United Utilities avoided the impact of new regulated price controls to grow its revenue during the year to 31 March, benefiting from higher-than-expected usage.

The figures

Revenue was up to £1.73bn from £1.72bn in the year to March 2015.

Operating profit dropped to £567.9m from £653.3m, which the company put down to the new price controls - imposed by regulator Ofwat - as well as an increase in spending on infrastructure renewal.

The company increased the total dividend for the year to 38.45p per share, compared with 37.7p per share last year.

United Utilities also said it had accelerated its investment plan, with £799m invested over 2015/2016 - the group is aiming to spend around £3.5bn between 2015 and 2020.

Why it's interesting

Unitied Utilities issued a disappointing set of numbers at the half year point, blaming Ofwat's price controls for a drop in revenue and profit. In the full year however, the company says it has avoided feeling too much pain from the watchdog's new rules, and said its progress during the first 12 months of the new regulatory regime gives it confidence in the group's ability to deliver on targets.

And David Cheetham, Market Analyst at XTB.com said that despite a nine per cent drop in profit, when taken in consideration with an increase in the dividend payment "the overall picture becomes more favourable".

"Arguably dividends are of even greater significance for investors in utilities than other sectors, and the decision to raise them despite the slump in profits will likely placate any shareholders that are less than satisfied with the drop in the water company's bottom line," said Cheetham.

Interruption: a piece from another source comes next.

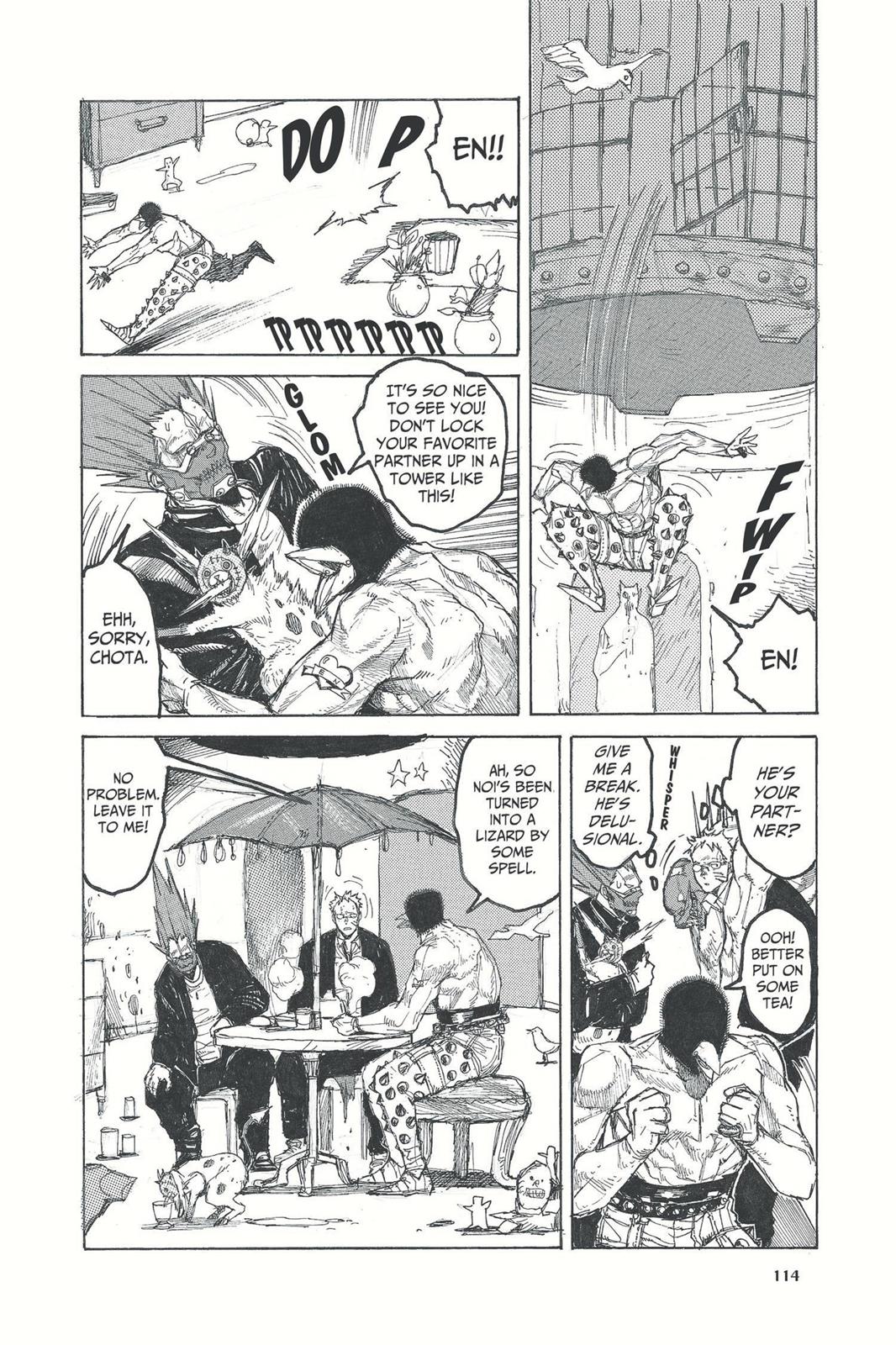 Read Dorohedoro EN Manga Online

What United Utilities said

Steve Mogford, chief executive, said:

Our progress over this first year of the new regulatory period shows we are well placed to deliver further value for customers, shareholders and the environment, underpinned by a robust capital structure and good credit ratings.

In short

United Utilities is keen to prove itself in the new regulatory environment, and has no problem splashing the cash in order to do so.